Mi padre estaba en Cartagena haciendo unas diligencias rutinarias. Por la tarde, a su regresó, pidió la parada en la esquina de Doña Hilda Lora, a tres cuadras largas de nuestra residencia, donde a esa hora estaban velando a mi mamá. Él no sabía nada, pero la presencia de Luis Viana Carvajal, el Monito de Luis Viana el relojero , nuestro vecino, esperándolo donde Hilda Lora, le dio un mal presagio. Mamá había muerto de un paro fulminante, al mediodía, a sus 57 años.
La seño Viña, con su esposo, Nelson Hamburger, en revista de prensa. ( Album familiar)
Enviaron al vecino para a morigerar el golpe a papá y para acompañarlo en aquellas cuadras de seguro interminables.
A esa hora yo iba viajando desde Monteteria, donde me desempeñaba como corresponsal del periódico El Universal y me sentía como el extranjero que sale de la cárcel para asistir al sepelio de su madre. Es una sensación que sólo puede tratar de explicar quien ha perdido a su madre. Puede ser hasta inexplicable.

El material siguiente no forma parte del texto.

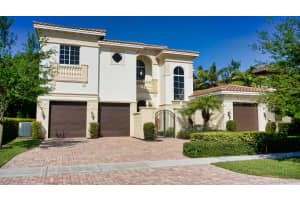 16067 Tuscany Estates Dr, Delray Beach, FL 33446, Sold 08/28/20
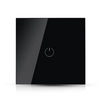 VT-5121 Stair tactile switch / Black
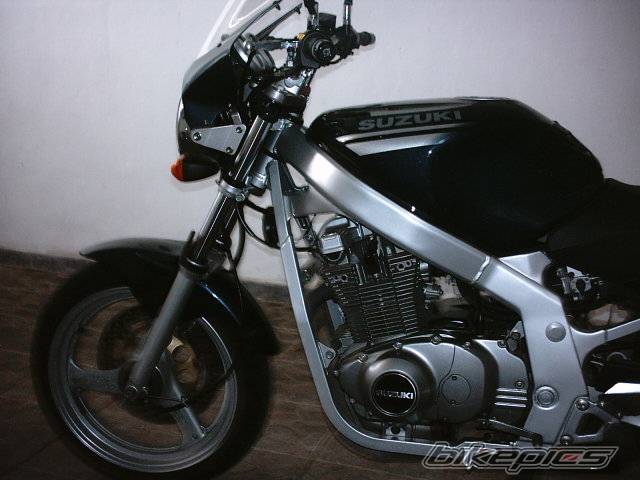 Bike Photo 215948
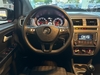 FOX 1.0 MPI TRACK 12V FLEX 4P MANUAL - 2018 - CAMPO BOM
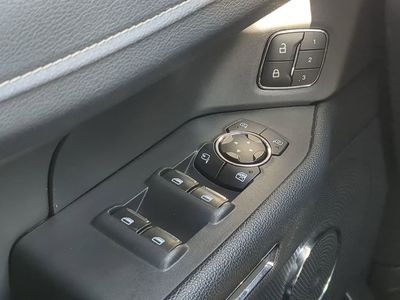2024 Ford Expedition — photo 30 view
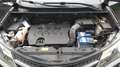 Toyota RAV 4 RAV4 2,0 Valvematic Executive 4WD Aut. Schwarz - thumbnail 6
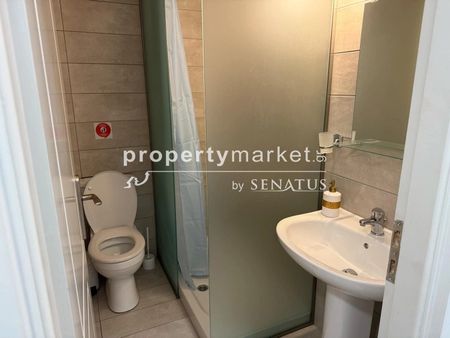 Studio / γκαρσονιέρα 32 τ.μ. προς ενοικίαση - Photo 2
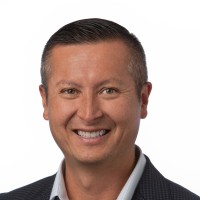 Aspyr Media Employee Ryan Anson's profile photo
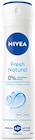 Deospray Angebote von Nivea bei REWE Berlin für 1,99 €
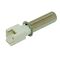 SONDA TEMPERATURA NTC LAVATRICE CANDY HOOVER ORIGINALE 49015420 49015420         Candy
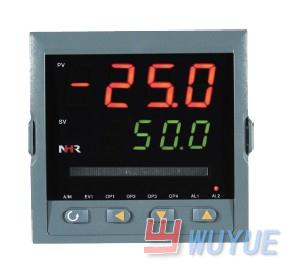 孝感五岳PY908智能壓力PID調節儀直供昆山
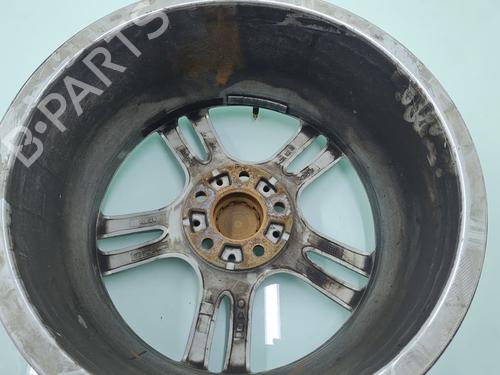 Rim BMW 1 (E87) 120 d | BP21646034C45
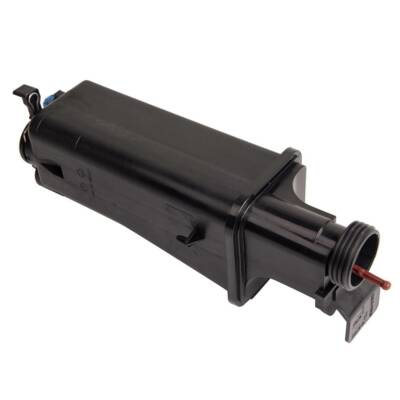 17117573781 For BMW E46 X3 X5 Radiator Coolant Overflow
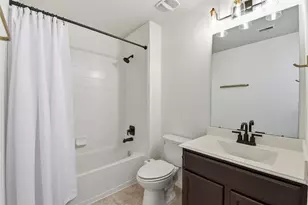 1617 Park Promenade Pl, Houston, TX 77047 - Photo 35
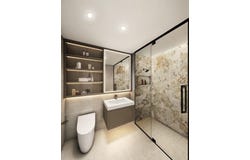 11-50 45TH Road, Queens, NY 11358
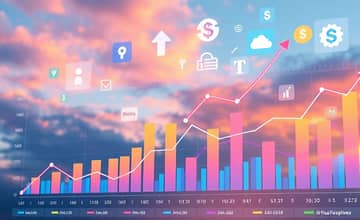 Dynamic Asset Allocation: Adapting to Market Dynamics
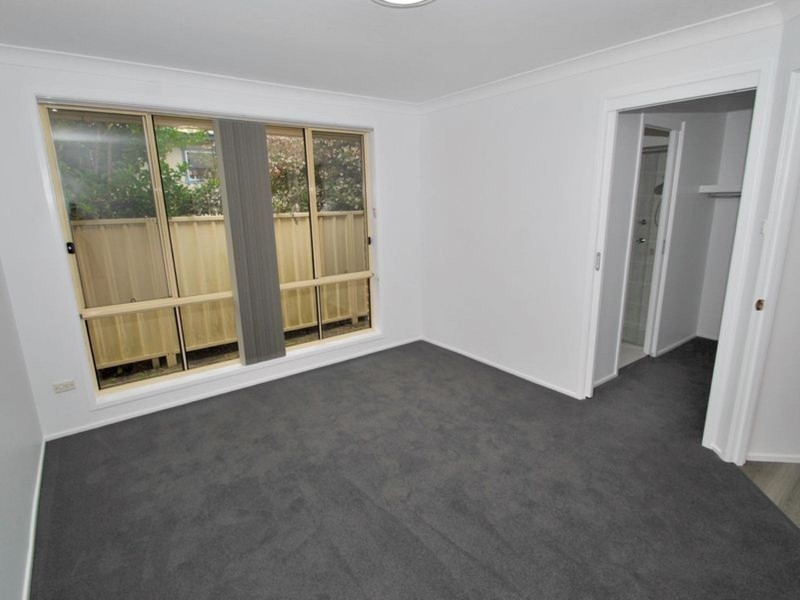 110 Quay Road, Callala Beach NSW 2540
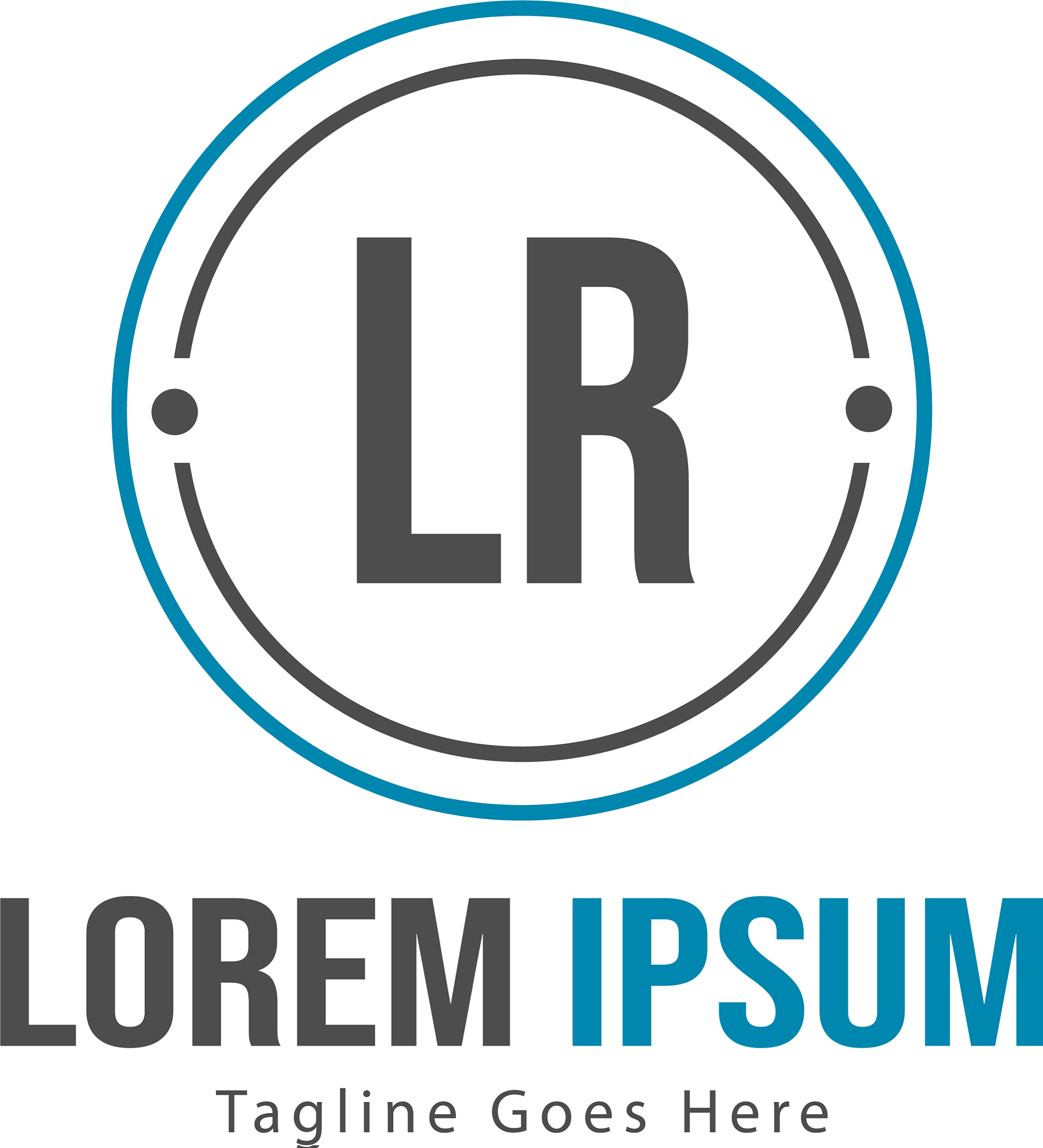 LR 分析表构造及句子分析 - C# 代码实现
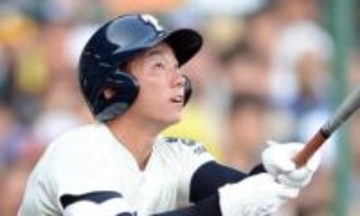大阪桐蔭主将で日本一…26歳野球選手〝妻顔出し〟結婚報告に「甲子園での本塁打、覚えてます！」「桐蔭時代から応援してるので感慨深い」の声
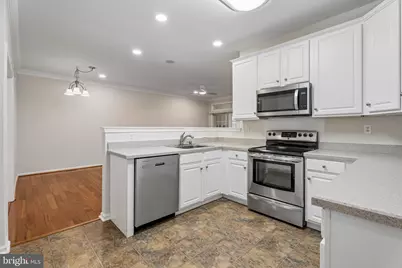 172 Lattice Lane, Collegeville, PA 19426 - Photo 3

Yo llevaba cinco meses y dieciocho días en mi primer puesto de trabajo. Me fui para Monteria un domingo 16 de Agosto de 1987,a las cuatro de la tarde, en el preciso momento en que iba saliendo la procesión de San Jacinto de Duanga.
Y ahora que regresaba a enfrentarme a tan difícil situación, mientras viajaba y lloraba, sin perturbar a la dama que venía sentada a mi lado, recuerdo aquella escena. Mi padre siempre fue hosco y poco comunicativo, de modo que cuando tomé mi maleta mocha para irme, ni siquiera se levantó de la hamaca para despedirme. En cambio, mamá me acompañó hasta la puerta de la casa y hasta que mi figura no se perdió en la esquina del Batazo, una cuadra más abajo, rumbo a esperar el bus donde Hilda Lora, mi madre no se metió en casa.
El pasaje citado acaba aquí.